Un face à face juridique
Le débat s’est transformé en un face à face juridique, où l’avocat député, Mondher Belhaj Ali, du bloc Al Horra (Machrou Tounès), ayant voté pour cette loi, a formulé son antithèse. Donc, un autre son de cloche qui vient confirmer la constitutionnalité de ladite loi. De son côté, « la non consultation, dans les délais raisonnables, du Conseil supérieur de la magistrature (CSM) ne constitue nullement une fausse note ». Avec ou sans son aval, affirme- t- il, rien ne va changer, d’autant plus que cela n’atteint aucunement sa légalité. « Apprendre la démocratie est beaucoup plus difficile qu’on ne l’imaginait » , ironise- t- il. Du reste, conclut l’ancien leader nidaïste, c’est une loi qui exclut tout fonctionnaire corrompu du droit à l’amnistie. Dans la foulée, la présidente de l’Instance « Vérité et Dignité », Mme Sihem Ben Sedrine, a pris la parole pour remettre en cause une telle loi qui n’est pas compatible avec le processus de la justice transitionnelle. Son instance, fustige-t-elle, n’a pas été consultée. Elle a été, à ses dires, marginalisée. D’autant plus qu’elle a les mêmes prérogatives que ladite loi, de par son mécanisme « commission d’arbitrage et réconciliation » dont son collègue Khaled Krichi est président. L’année dernière, argue-t-elle, plus de 680 séances d’arbitrage ont été tenues, notamment dans les domaines foncier, banquier et des télécommunications. « On a abouti à des aveux et des pardons, exigeant des plaignants de restituer les biens mal acquis, mais l’Etat n’a pas donné suite à ces demandes », a-t-elle affirmé.
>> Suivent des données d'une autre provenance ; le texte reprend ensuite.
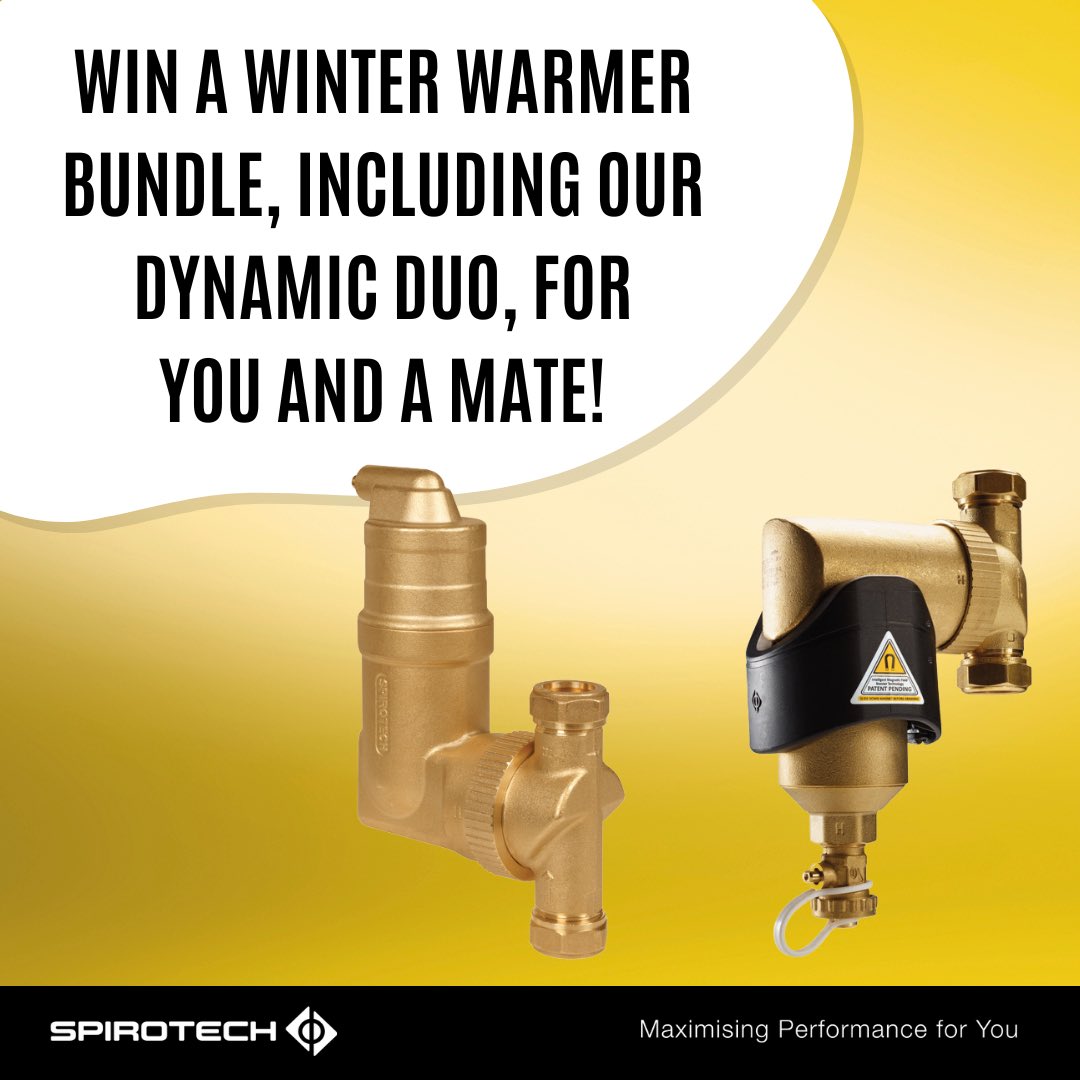 Spirotech tweet media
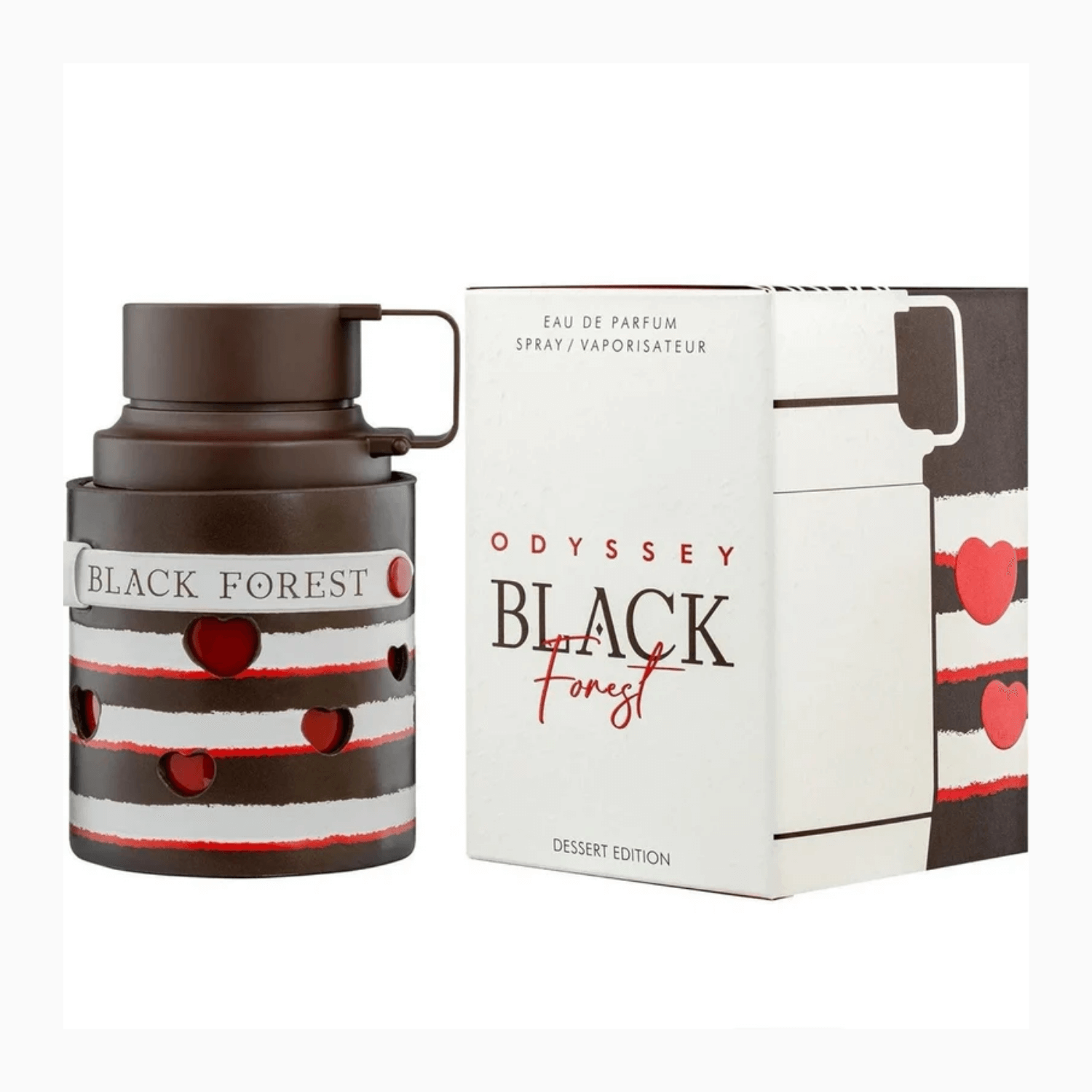 Armaf Odyssey Black Forest EDP Unisex 100 mL / 3.4 oz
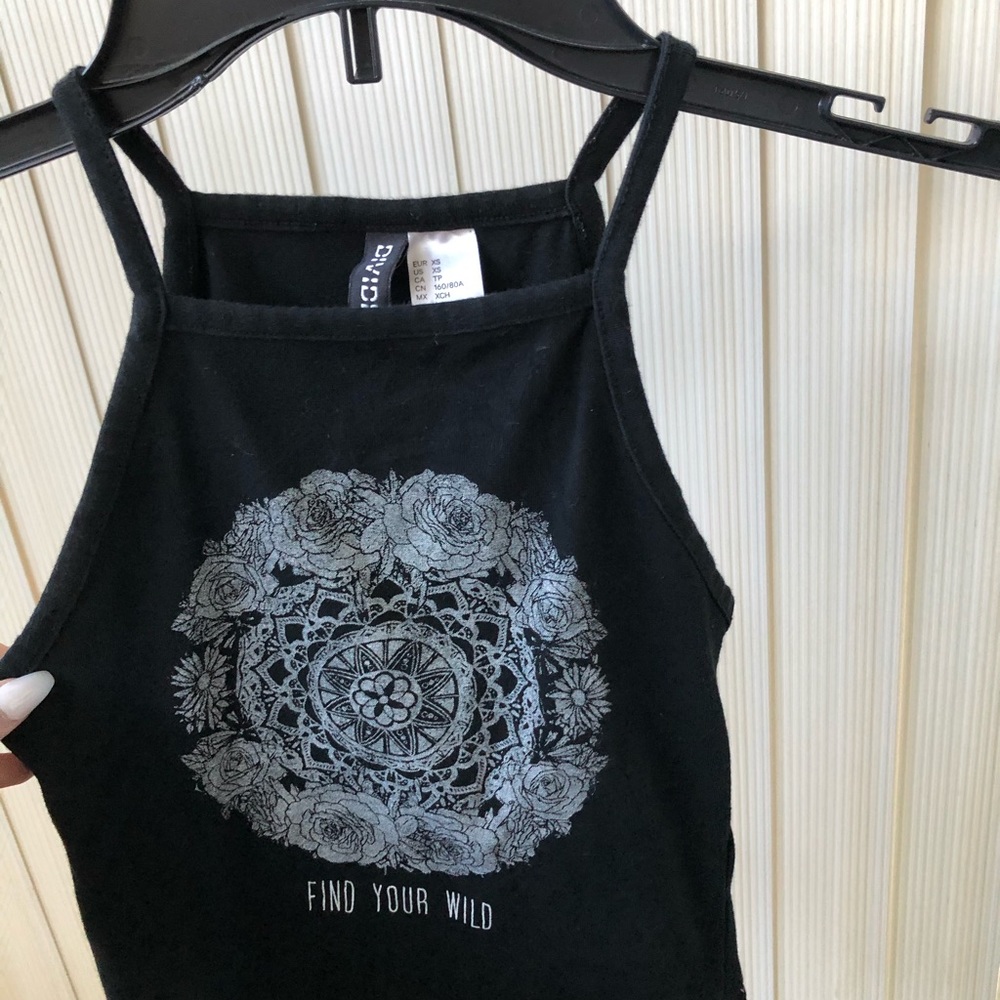 halter top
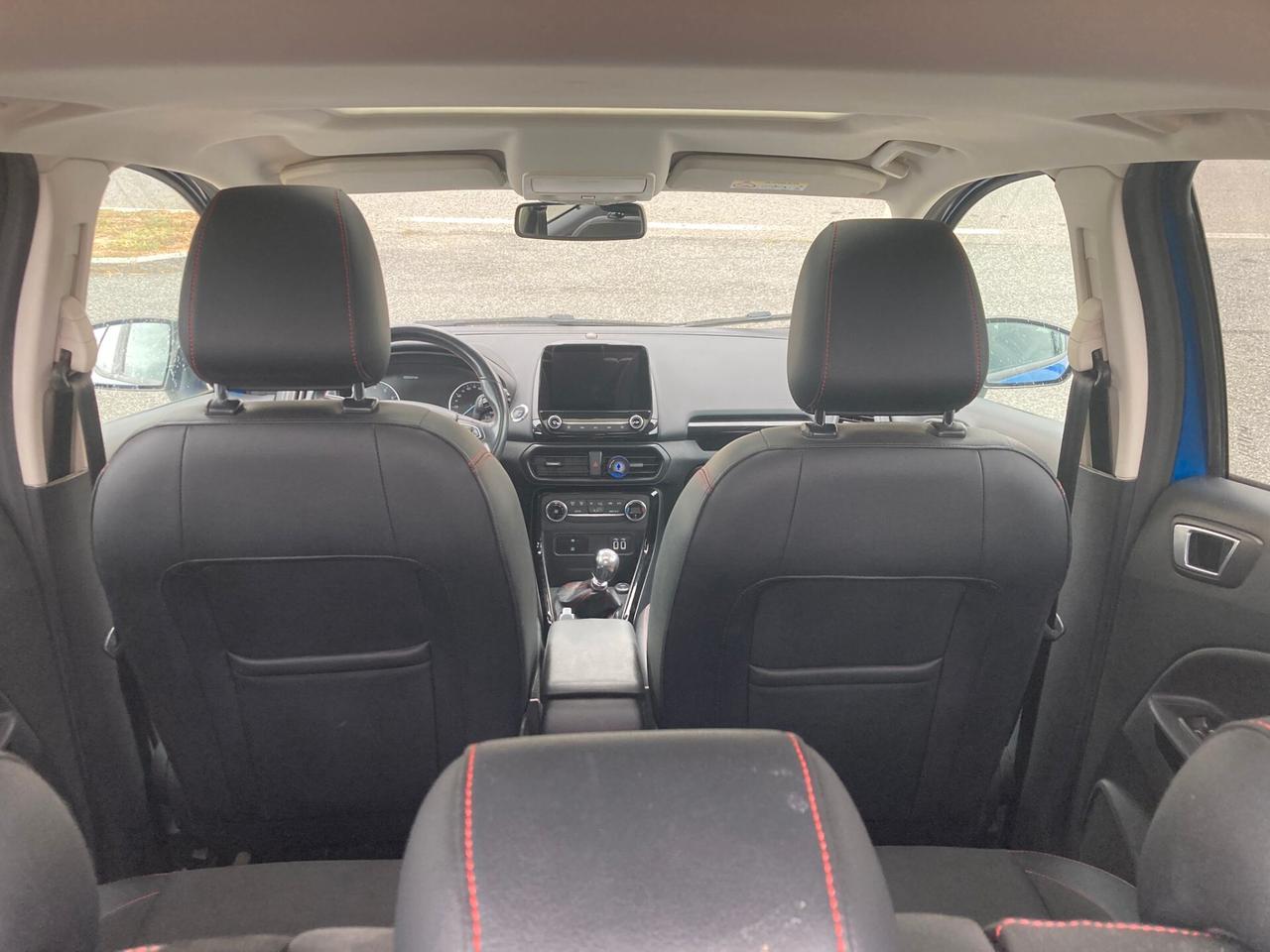 Ford EcoSport 1.0 EcoBoost 125 CV Start&Stop ST-Line
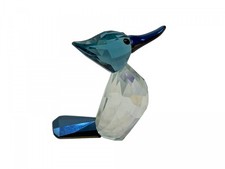 Swarovski Figurine 1036530 Woodpecker Ziggy 3 Cm. Top Condition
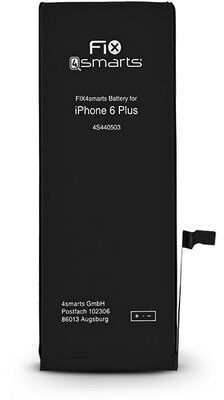 Apple iPhone 6 Plus akkumulátor - Li-polymer 2915 mAh - utángyártott - (ECO csomagolás)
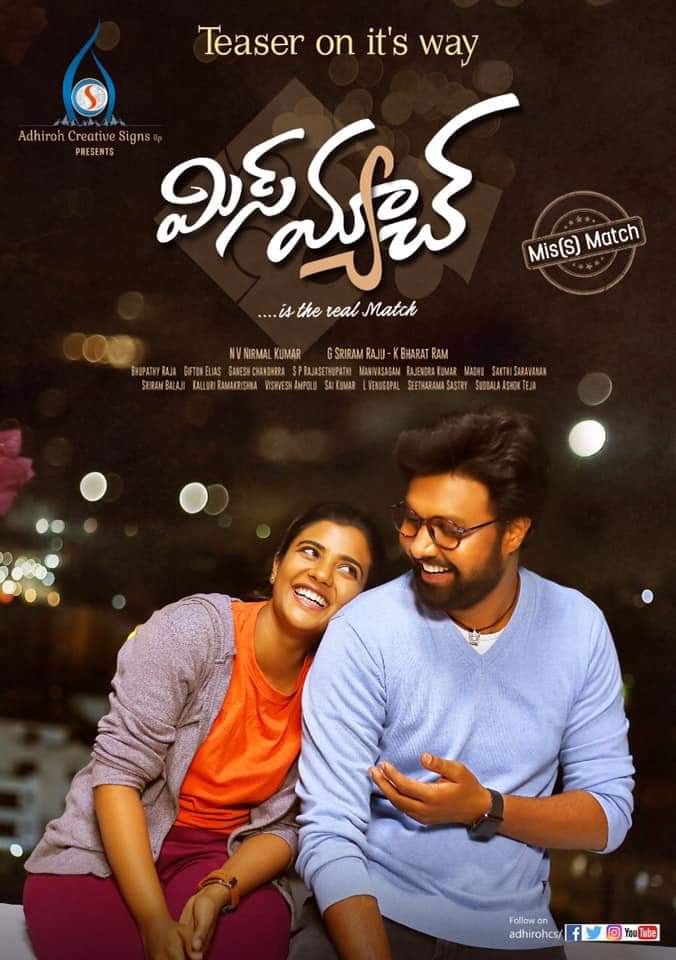 GC_Begins's tweet photo. Wait is over 😍😍😍 Teaser on its way 🎉🎊🎊😘❤️#teaser #movies @Dir_nirmalkumar
@US_UdayShankar
@aishu_dil @AdhirohCS  very happy working with this wonderful team #love https://t.co/6oJalbckqq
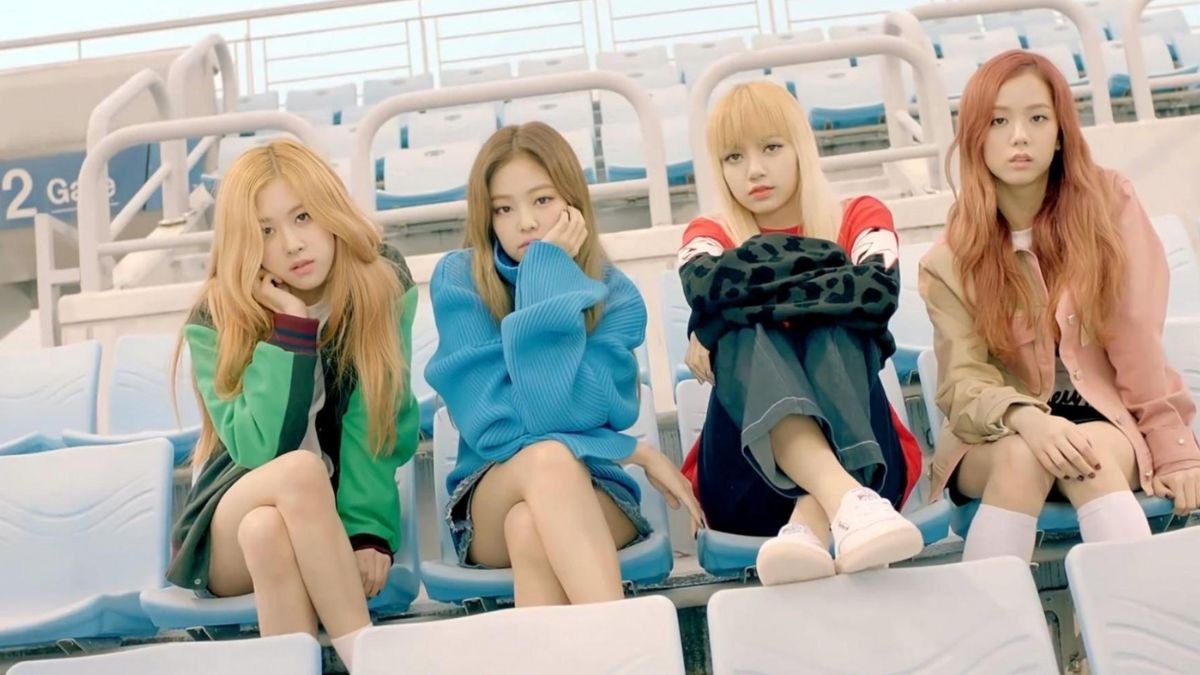 Hình nền BLACKPINK mới debut aesthetic cho iPad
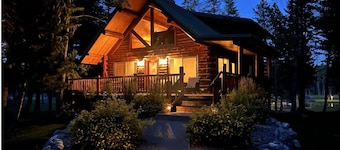 North Star Cabin in Whitefish, near Glacier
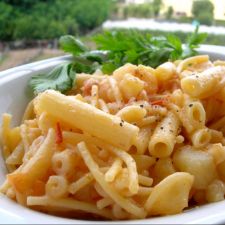 Pasta con le patate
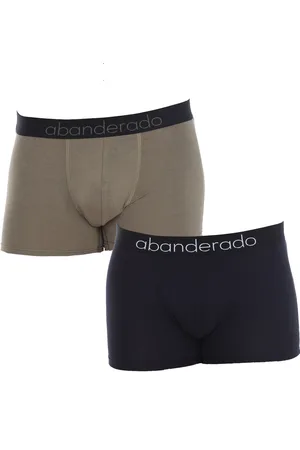 Abanderado Pack-2 Boxershorts Sensitive Bamboo A0C7M Herren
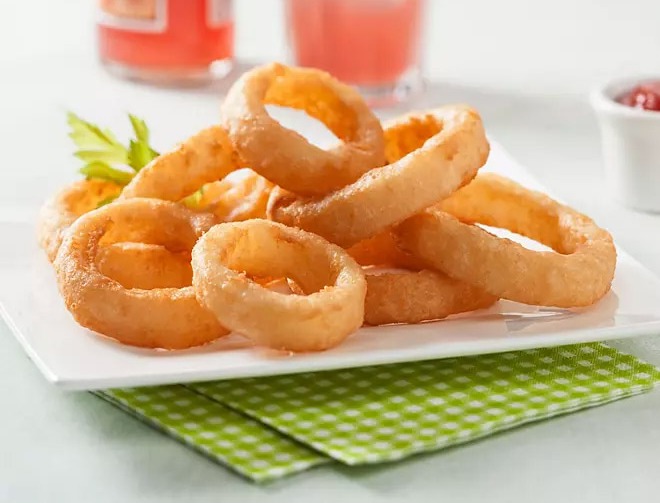 Onion Rings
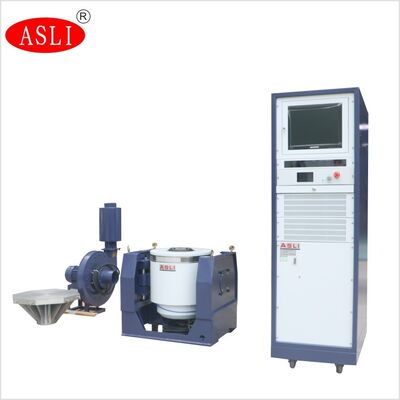 Vertical Vibration High Frequency Electrodynamics Vibration Tester with 51mm Displacement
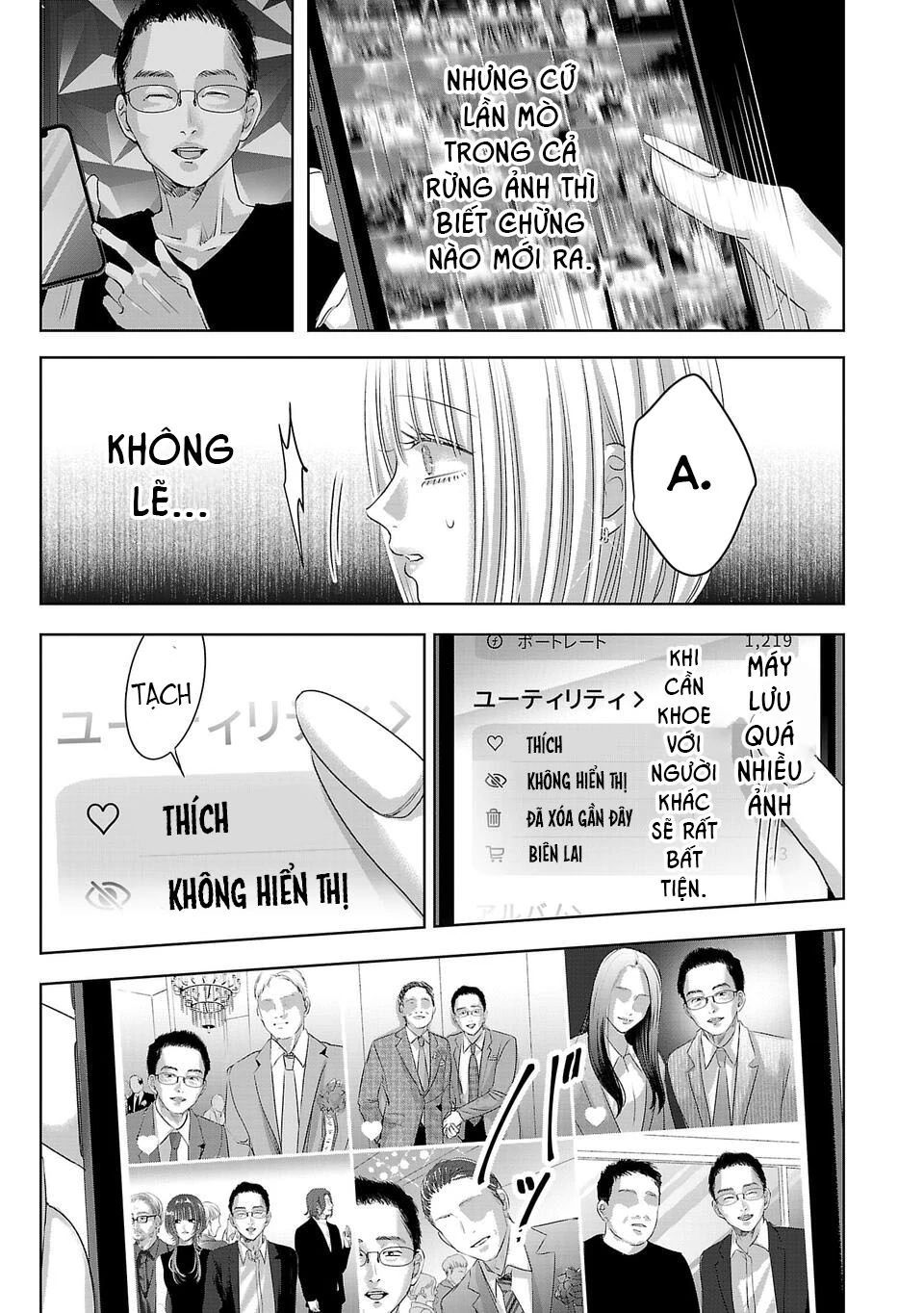 Ánh Lấp Lánh Hoàn Mỹ - Chapter 20 - Page 10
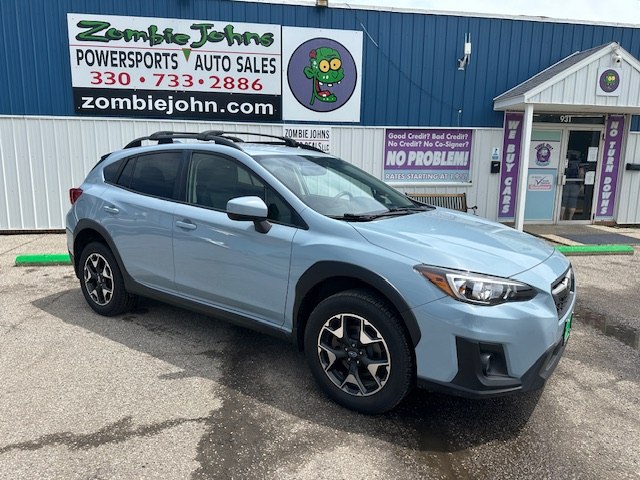 2019 SUBARU CROSSTREK PREMIUM for sale at Zombie Johns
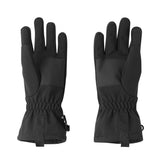 Reima Softshell Tehden Vanter - Black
Réagissant à chaud, l’ex-bâtonnier des avocats tunisiens, Abderrazak Kilani est sorti de ses gonds. « La loi-objet de la conférence n’est, en fait, qu’un retour à l’ancien régime. C’est aussi une manière contrerévolutionnaire » , hausse- t- il le ton. Sinon, martèle- t- il, comment expliquer la séance plénière détournée pour faire passer la loi en question ? « Sept ans après la révolution, l’on se sent revenir à la case départ », a-t-il révélé, inquiet. Me Kilani n’a pas hésité à lancer un dernier appel aux avocats, les exhortant à resserrer leurs rangs. « Il est temps que la profession redore son blason, en continuant à défendre la veuve et l’orphelin», plaide-t-il. Sa plaidoirie a fini par être applaudie.